A dresser with 5×5 drawers contains a single object in one of the 25 drawers. A player opens a drawer at random and, after each choice, the object moves at random to a drawer adjacent to its current location and the drawer chosen by the player remains open. What is the maximum number of drawers one need to open to find the object?

In a dresser with 9 drawers in a line, containing again a single object, the player opens drawers one at a time, after which the open drawer is closed and the object moves to one of the drawers adjacent to its current location. What is the maximum number of drawers one need to open to find the object?

**F**or the first question, setting a pattern of exploration and, given this pattern, simulating a random walk trying to avoid the said pattern as long as possible is feasible, returning a maximum number of steps over many random walks [and hence a lower bound on the true maximum]. As in the following code

sefavyd=function(pater=seq(1,49,2)%%25+1){ fild=matrix(0,5,5) m=pater[1];i=fild[m]=1 t=sample((1:25)[-m],1) nomove=FALSE while (!nomove){ i=i+1 m=pater[i];fild[m]=1 if (t==m){ nomove=TRUE}else{ muv=NULL if ((t-1)%%5>0) muv=c(muv,t-1) if (t%%5>0) muv=c(muv,t+1) if ((t-1)%/%5>0) muv=c(muv,t-5) if (t%/%5<4) muv=c(muv,t+5) muv=muv[fild[muv]==0] nomove=(length(muv)==0) if (!nomove) t=sample(rep(muv,2),1)} } return(i)}

But a direct reasoning starts from the observation that, while two adjacent drawers are not opened, a random walk can, with non-zero probability, switch indefinitely between both drawers. Hence, a sure recovery of the object requires opening one drawer out of two. The minimal number of drawers to open on a 5×5 dresser is 2+3+2+3+2=12. Since in 12 steps, those drawers are all open, spotting the object may require up to 13 steps.

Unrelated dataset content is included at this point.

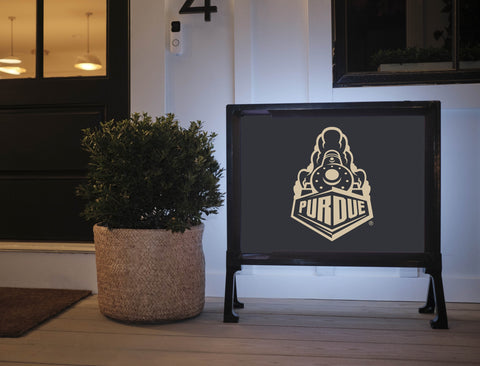 Purdue Athletics Mark Black Yardsy Sign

For the second case, unless I [again!] misread the question, whatever pattern one picks for the exploration, there is always a non-zero probability to avoid discovery after an arbitrary number of steps. The [wrong!] answer is thus infinity. To cross-check this reasoning, I wrote the following R code that mimics a random pattern of exploration, associated by an opportunistic random walk that avoids discovery whenever possible (even with very low probability) bu pushing the object towards the centre,

drawl=function(){ i=1;t=5;nomove=FALSE m=sample((1:9)[-t],1) while (!nomove){ nextm=sample((1:9),1) muv=c(t-1,t+1) muv=muv[(muv>0)&(muv<10)&(muv!=nextm)] nomove=(length(muv)==0)||(i>1e6) if (!nomove) t=sample(rep(muv,2),1, prob=1/(5.5-rep(muv,2))^4) i=i+1} return(i)}

which returns unlimited values on repeated runs. However, I was wrong and the R code unable to dismiss my a priori!, as later discussions with Robin and Julien at Paris-Dauphine exhibited ways of terminating the random walk in 18, then 15, then 14 steps! The idea was to push the target to one of the endpoints because it would then have no option but turning back: an opening pattern like 2, 3, 4, 5, 6, 7, 8, 8 would take care of a hidden object starting in an even drawer, while the following 7, 6, 5, 4, 3, 2 openings would terminate any random path starting from an odd drawer. To double check:

grawl=function(){ len=0;muvz=c(3:8,8:1) for (t in 1:9){ i=1;m=muvz[i];nomove=(t==m) while (!nomove){ i=i+1;m=muvz[i];muv=c(t-1,t+1) muv=muv[(muv>0)&(muv<10)&(muv!=m)] nomove=(length(muv)==0) if (!nomove) t=sample(rep(muv,2),1)} len=max(len,i)} return(len)}

produces the value 14.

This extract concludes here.